Just a quick one. So good to be able to talk about these things and share experiences. I'm feeling like less of a freak every day, but at the same time my mind is boggling at everyone's horrific experiences.

Startingtoheal Your experiences sound so horrific, how can any parent do this? And the bloody dance lessons! In our family, while the 3 younger children lived in squalor the Golden Child got to go to private boarding school (I have no idea how this was paid for, but suspect that is one of the reasons we never had enough loo roll in our house....), but us younger ones had to show her lots of compassion, because boarding school "deprived her of family life". I kid you not. Parents definitely enjoyed showing off about their privately educated eldest, perhaps this equates to your dancing lessons. Totally twisted.

I can really relate to what you are saying about empathising with others more than you can with your own horrific experiences. Is that part of the NPD conditioning, I wonder? We were taught not to feel for ourselves or have any compassion for ourselves. We didn't look after ourselves save for the fundamentals of survival (I think it relates to the whole reptilian brain thing that's been discussed here). The truth of the horrors we lived is somehow rationalised and normalised otherwise how would we survive it?
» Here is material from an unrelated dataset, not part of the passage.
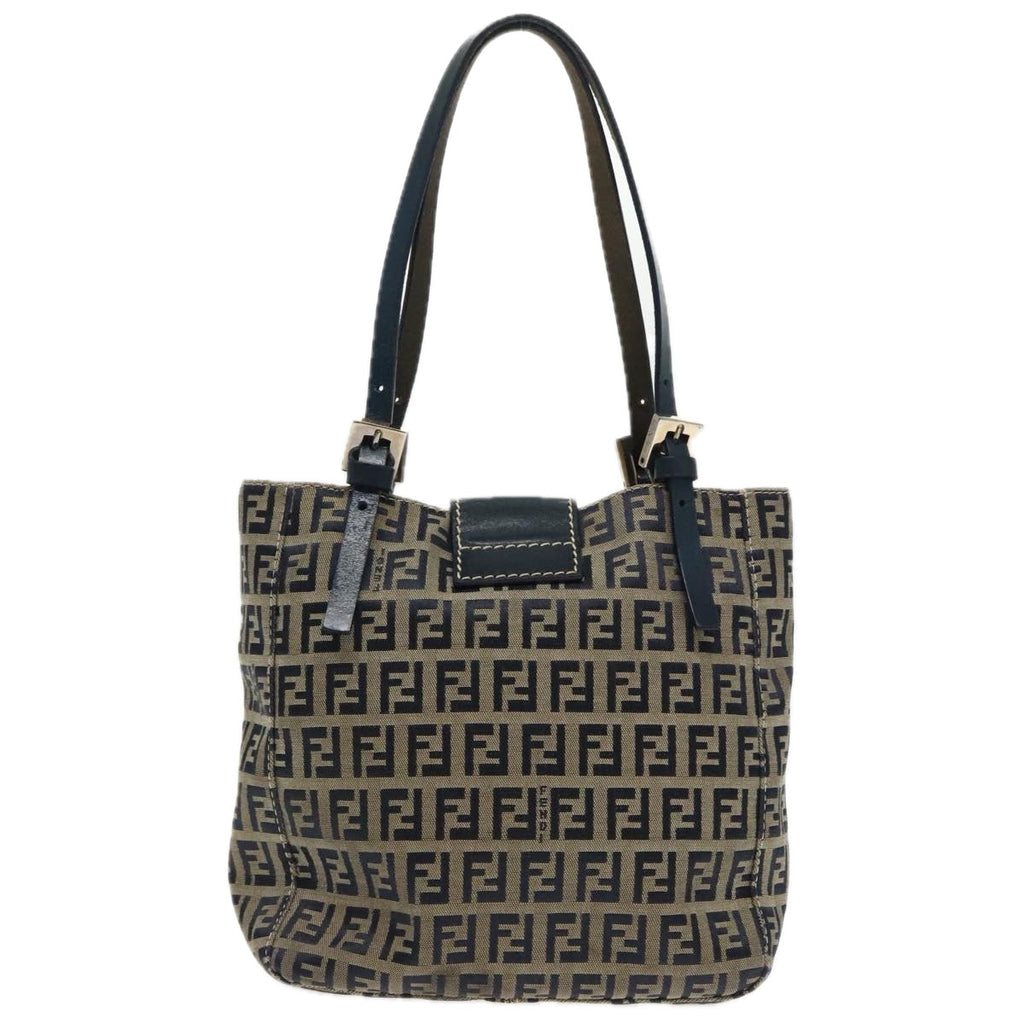 FENDI Zucchino Canvas Hand Bag Navy Silver 94429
So when we look back on it, and talk about it, even though the horror is bouncing off the page, and if it was someone else's experience we'd be (rightly) appalled, it just doesn't seem that bad.

I was having a discussion on related lines with my younger sister recently, about how we can read about child neglect and abuse but never really correlate these stories to our own lives, even though an outsider reading our experiences would say, you are an abused child. She was on a work related course dealing with a child abuse related topic, and everyone around the table had to briefly describe their "feelings" about their childhood. She said everyone there talked about childhood happiness. Sis was last and she said "I felt scared all the time". Sis says she shocked herself saying this, did not know where it came from. Well if she's learned any self compassion, it would be obvious because we were terrified all the time. And I can write that: as a child, I was terrified all the time and even when I left home I remained scared. But like you, staringtoheal, the reality of that bounces off me. My sis's work colleagues were horrified. My sis felt nothing but surprise at her own childhood pain. It's almost like an academic exercise talking about it.
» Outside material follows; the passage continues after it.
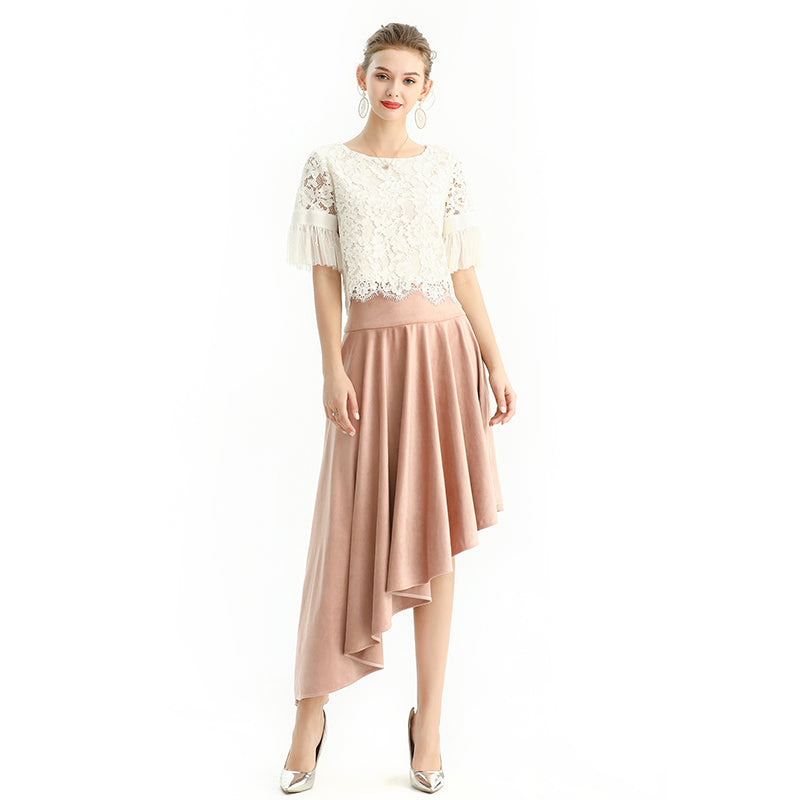 JJparty-S145-1 Women faux suede wide waistband full circle high low asymmetric flare skirt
Grace you said earlier that taking drugs etc would have made no difference to my father. You are of course right. My NC with him at the moment in part stems from an attempt I made to make him understand why his 4 outwardly successful offspring all have varying degrees of depression and 3 of us aren't speaking to each other. While he's happy to take the credit for our successes, he cannot see how our unhappiness in any way stems back to our upbringing, or indeed, his or my mother's ongoing behaviour. So my going off the rails as a teenager wouldn't have been his fault, quite the contrary, just proof that I was the bad/useless child he always said we were.

Smithfield good luck today will be thinking of you. Your posts have been inspiring for me.

Have to go, DD getting fed up with me typing when there's Lego to do.